Demo #3 – not handling offenses properly. What builds unity #3 – handling offenses properly. This might be one of the biggest unity killers in the Christian world. Many people don’t know that Jesus talks about how to handle being offended and grieved by someone else. This is what Jesus says in Matthew 18:15-17:

“If your brother sins against you, go and show him his fault, just between the two of you. If he listens to you, you have won your brother over. But if he will not listen, take one or two others along, so that ‘every matter may be established by the testimony of two or three witnesses.’ If he refuses to listen to them, tell it to the church; and if he refuses to listen even to the church, treat him as you would a pagan or a tax collector.”

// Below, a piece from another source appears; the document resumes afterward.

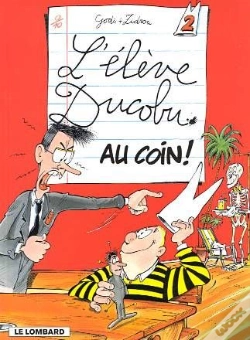 Capa do artigo L'Élève Ducobu T.2 ; Au Coin !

What destroys unity is when we don’t handle offenses properly. Now, let’s be honest, Jesus words seem to be talking about serious issues, the kind of issues that would eventually call for the removal of a member from the church if they didn’t repent. However, the underlying principal applies to all sorts of grievances and offenses. Sinning against you isn’t about your pet peeves (I really hate it when you chew with your mouth open). It’s about someone wronging you. You did this to me…. You said this to me…. Then the appropriate response is to follow Jesus’ instructions. Take a close look at how Jesus starts out… If your brother sins against you, go and show him his fault, just between the two of you….

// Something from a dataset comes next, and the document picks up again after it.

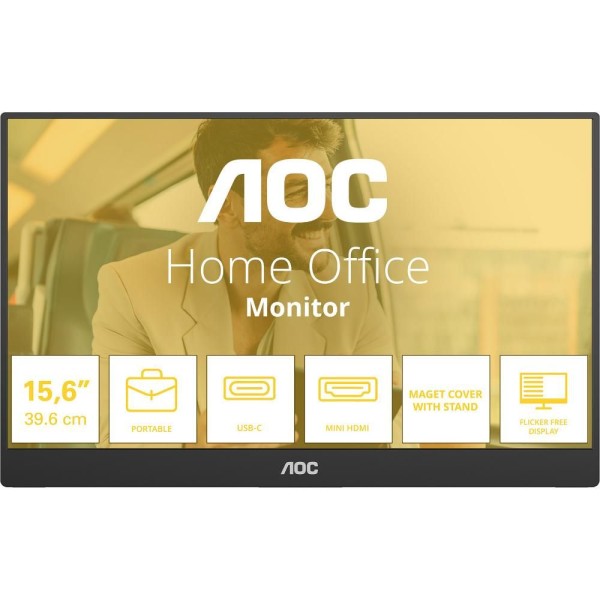 16T20E2 15,6 IPS LED 60Hz 4ms AOC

The proper way to handle when someone sins against you is to go privately to that person tell them, show them their fault. But we don’t do that. How do people handle offenses and grievances? Some bottle it up and hold on to bitterness and anger. But it is almost impossible to remain quiet about an offense. If you don’t tell the person who sinned against you, you will most likely tell others. This is just plain gossip. Then if there is no reconciliation between just the two of you, then bring in a third party as a neutral mediator. Maybe the third party can ease tension and help bring balance, an outside perspective to the situation. If we are going to be a church that actively builds unity then we need to start taking the words of Jesus seriously and handle our offenses biblically. The great thing about approaching others in love is that you set the tone for restoration, healing and unity.

Pointing out problems is not breaking unity, but it depends on the spirit in which it is done. Check your heart. Jesus’ words are not meant to punish or to prove you right, but to restore relationship, so that Christians can continue living as family. But it’s hard to do. Pointing out someone’s fault is risky, for there is no way of knowing how he will respond. But if done gently and graciously, the offender will be more likely to recognize the error than become stubborn and bitter. This is loving, caring confrontation. The person initiating the confrontation should explain his concern and then ask, ‘Am I understanding this situation correctly? Is there some clarification that can be made?’

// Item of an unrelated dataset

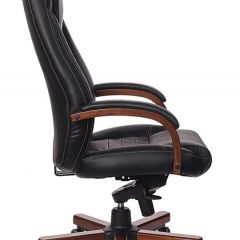 Кресло руководителя Бюрократ T-9923WALNUT/BLACK в Тюмени - tumen.mebel24.online | фото 3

There’s an African proverb that says: When spider webs unite they can tie up a lion. When Christians are united in a common purpose and mission, nothing will stop it from doing what God has called it to do. Do we take the Apostle Paul seriously in Colossians and Ephesians? Do we put up with one another? Do we work to maintain unity? If we want to see unity then we will have to start doing things that actively build up unity and not tear it down.

Now is the time to be intentional – to say, “From this point on, I want to be a unity builder for God’s kingdom.” Will you help build unity in your home, in your church, and in your community?